My husband Mike and I were walking on Saturday, and I was sharing with him how pleased I was at this girl’s ability and how it is due to this fantastic way of teaching foreign languages.  He reminded me that I ‘angst’ all the time about being ‘good enough/ skilled enough’ with the method and that I need NOT play that anxious game anymore.  All of a sudden, I saw the application to my anxiety about sharing the Gospel.  If I truly believe that the power of God is in the Gospel, then why should I worry about ‘doing it’ right?  It’s not all up to me.  Just like teaching French via this input method is not all up to me.  The method works. I just have to use it and trust it.

This is exciting; because the immediate implication is that I don’t have to be PERFECT.  I just have to be willing to DO it.  I’m ashamed to say that often pride gets in the way of this truth and I WANT to do it well. Here’s what happens:

I am a blog-lurker.  I read blogs every day whose content is either Christianity (doctrine, practice, defending/ presenting the faith) or French (content, culture, current events, methodology).  Many days I come away feeling inadequate, that I’m not as good as other Christians or other language teachers who use the method of TPRS® (teaching proficiency through reading & storytelling). Yet I should know better about my profession because at the summer conferences I attend, one of the mantras is:  “Poor TPRS is better than NO TPRS”

To be logical I should tell myself, “Exalting Jesus in some way is better than keeping my mouth shut”.  So why don’t I exalt Jesus every day?”  The truth is, I can get away with not opening my mouth about Jesus.  I’m paid and held accountable for teaching French each day.  There are immediate consequences if I simply conduct a study hall in each class, day after day.  What are the consequences if I don’t open my mouth about Jesus?

I don’t have to list them for you…they are actually far more serious.  So why am I reluctant?  Expectations!  My school kids expect me to teach them French.  What is the expectation of those people whose paths I cross each day?  Well, I actually don’t know.  Who’s not to say that they were prepared by God to meet someone who would tell them some good news?   After all, there is precedence in the Bible.  Cornelius (Acts 10) was told by an angel in a vision to send a message to Peter.  Likewise Peter while praying was prompted to let go of certain food rituals.  These two unlikely people met (because they were obedient) and it made a HUGE difference in their lives and in the Kingdom.

In conclusion….pray that you and I be obedient to God’s commands. As ordinary Christians, our daily duty falls SOMEWHERE between these two expectations:

  • Matt 28:18-20 And Jesus came and said to them, “All authority in heaven and on earth has been given to me.

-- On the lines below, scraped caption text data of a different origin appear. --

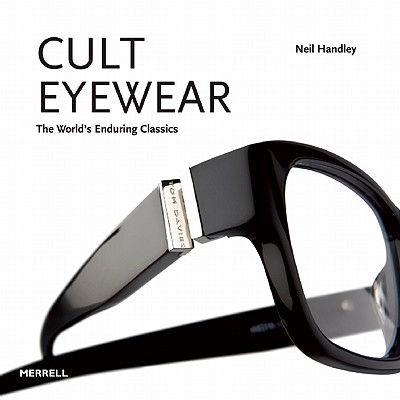 Image for Cult Eyewear: The World's Enduring Classics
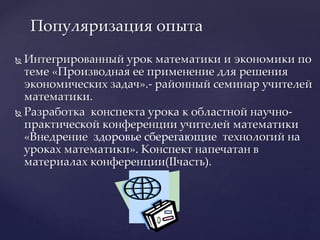  Интегрированный урок математики и экономики по
теме «Производная ее применение для решения
экономических задач».- районный семинар учителей
математики.
 Разработка конспекта урока к областной научно-
практической конференции учителей математики
«Внедрение здоровье сберегающие технологий на
уроках математики». Конспект напечатан в
материалах конференции(IIчасть).
Популяризация опыта
 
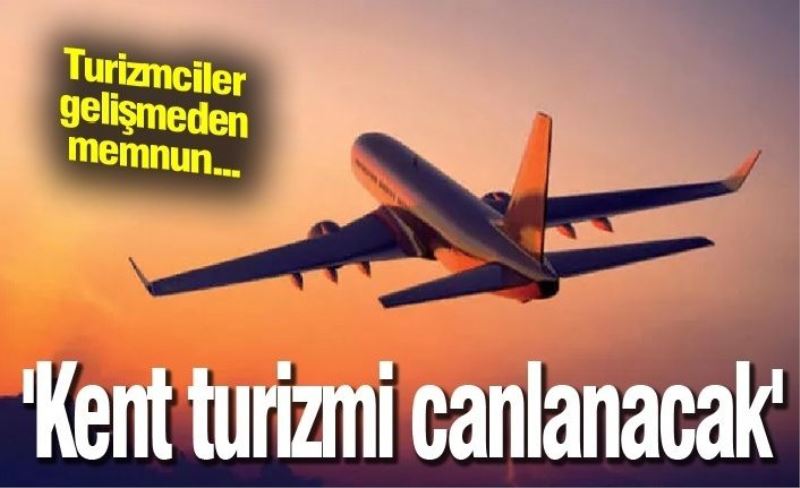 Turizmciler gelişmeden memnun...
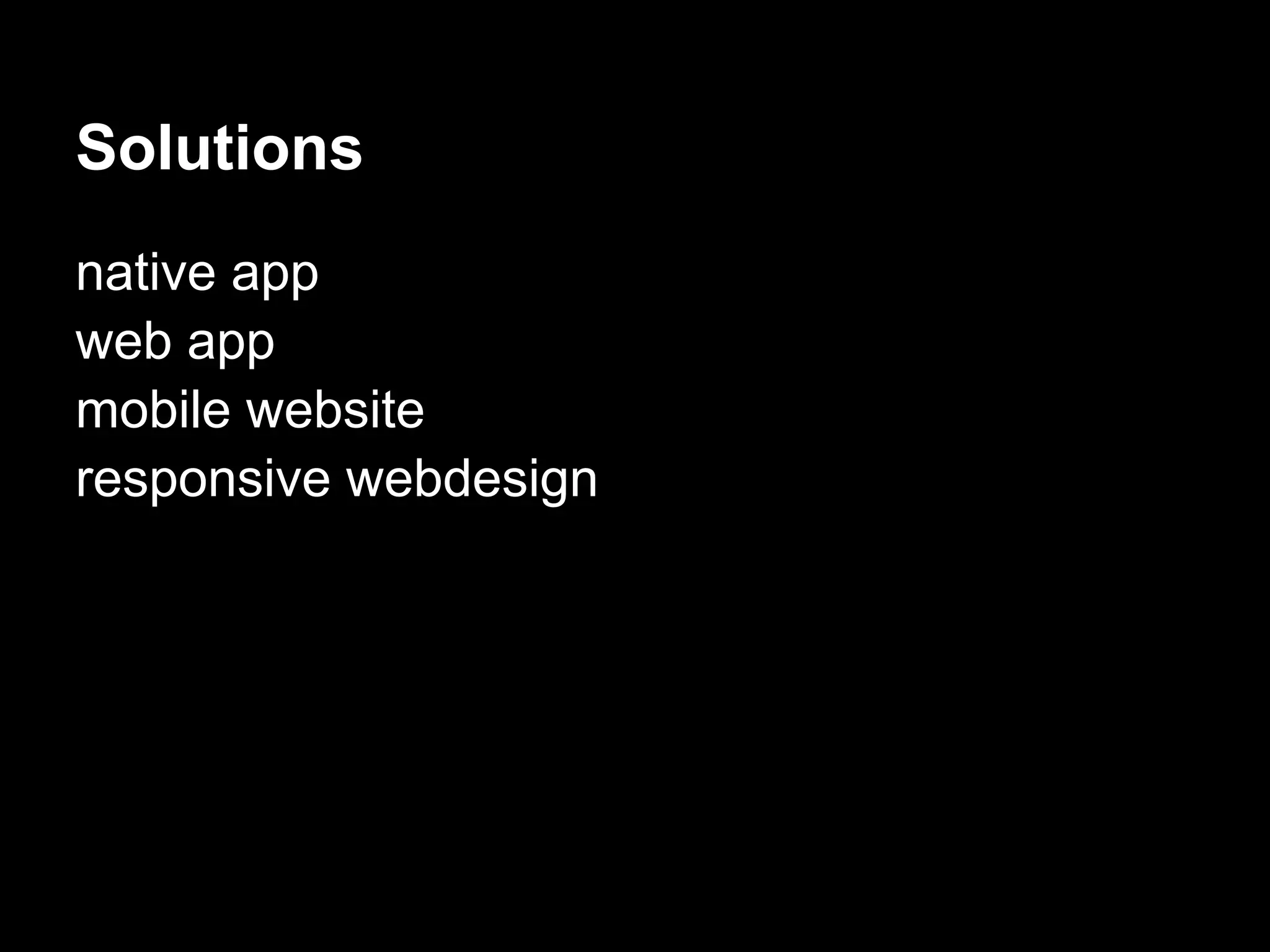 Solutions
native app
web app
mobile website
responsive webdesign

Go therefore and make disciples of all nations, baptizing them in the name of the Father and of the Son and of the Holy Spirit, teaching them to observe all that I have commanded you. And behold, I am with you always, to the end of the age.”
  • 1 Pet 3:15  But in your hearts set Christ apart as holy as Lord. Always be ready to give a logical defense to anyone who asks you to account for the hope that is in you, but do it courteously and respectfully.